비전공자들을 위한 머신러닝 / 딥러닝 튜토리얼입니다.
This is a deep learning (machine learning) tutorial for beginners.
Contents
1. Introduction to machine learning & deep learning
2. DL methods:
Convolutional neural networks (CNN)
Recurrent neural networks (RNN)
Variational autoencoder (VAE)
Generative adversarial networks (GAN)
3. Can we believe deep neural networks?
이 슬라이드는 부산 동아대학교에서 2018년 7월 16일 2시간 특강을 위해 마련된 자료로, 비전공자들을 위해 수식보다 개념 이해를 위해 힘쓴 강의자료입니다. 나중에 테리의 딥러닝톡에서도 한번 설명을 붙여볼게요~ https://www.facebook.com/deeplearningtalk/
https://www.youtube.com/playlist?list=PL0oFI08O71gKEXITQ7OG2SCCXkrtid7Fq
Top Rated Pune Call Girls Budhwar Peth ⟟ 6297143586 ⟟ Call Me For Genuine Se...
Deep Learning Tutorial in 100 Mins
1. Terry Taewoong Um (terry.t.um@gmail.com)
University of Waterloo
Department of Electrical & Computer Engineering
Terry Taewoong Um
DEEP LEARNING TUTORIAL
IN 100 MINS
1
2. Terry Taewoong Um (terry.t.um@gmail.com)
WHO AM I
2
2008 – 2010 M.S. at Seoul National University, Korea
c.f. “Tangent Space RRT with Lazy Projection: An Efficient Planning
Algorithm for Constrained Motions”, T. T. Um et al., ARK2010.

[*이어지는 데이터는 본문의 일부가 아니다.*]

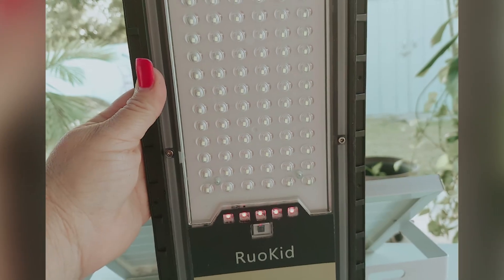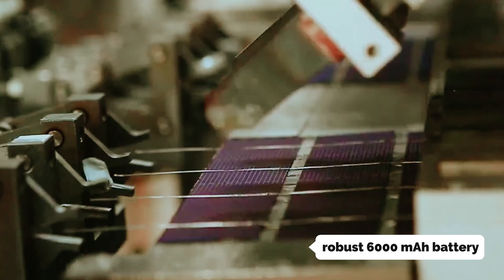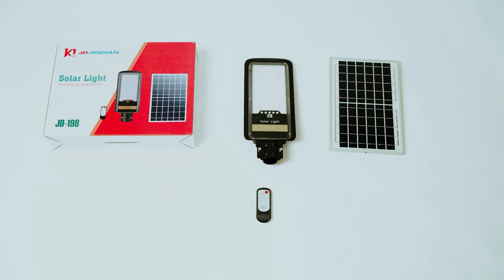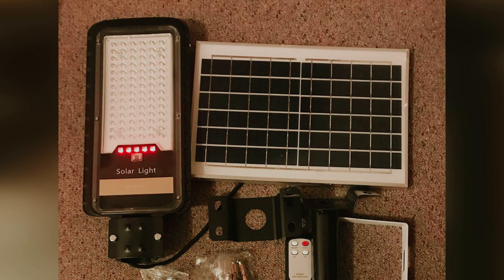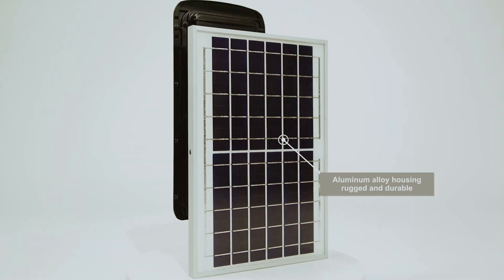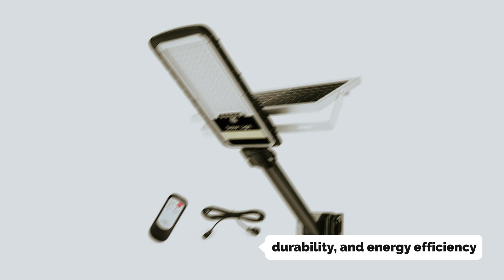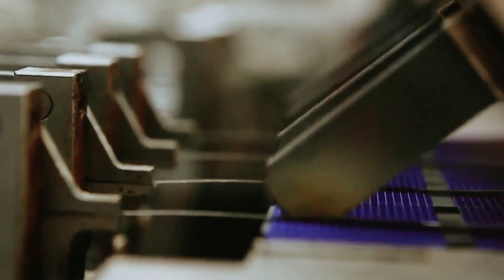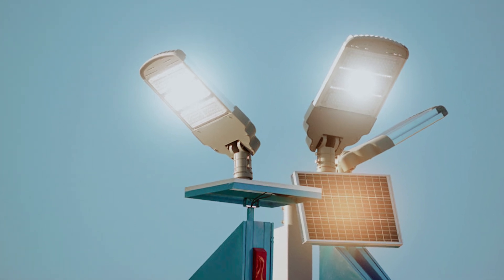Battery performance is another area where Ruokid shines. Their solar lighting units are equipped with a robust 6,000 mAh battery, ensuring they can run for more than 24 hours on a single charge, providing consistent illumination night after night. With high-quality solar panels, you can recharge the battery in just four hours, making them efficient and convenient. By choosing Ruokid Solar Streetlights, you're opting for a solution that combines functionality, durability, and energy efficiency. Embrace the future of outdoor lighting with Ruokid and enjoy peace of mind knowing you're making a smart, sustainable choice.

2010 – 2014 Robotics researcher at LIG Nex1 / KIST, Korea
c.f. “Independent Joint Learning: A Novel Task-to-Task Transfer Learning
Scheme for Robot Models”, T. T. Um et al., ICRA2014.
• I am a robotics researcher
3. Terry Taewoong Um (terry.t.um@gmail.com)
WHO AM I
3
2014 – Present PhD candidate at U.Waterloo, Canada
c.f. “Exercise Motion Classification from Large-Scale Wearable Sensor
Data Using Convolutional Neural Networks”, T. T. Um et al., IROS2017.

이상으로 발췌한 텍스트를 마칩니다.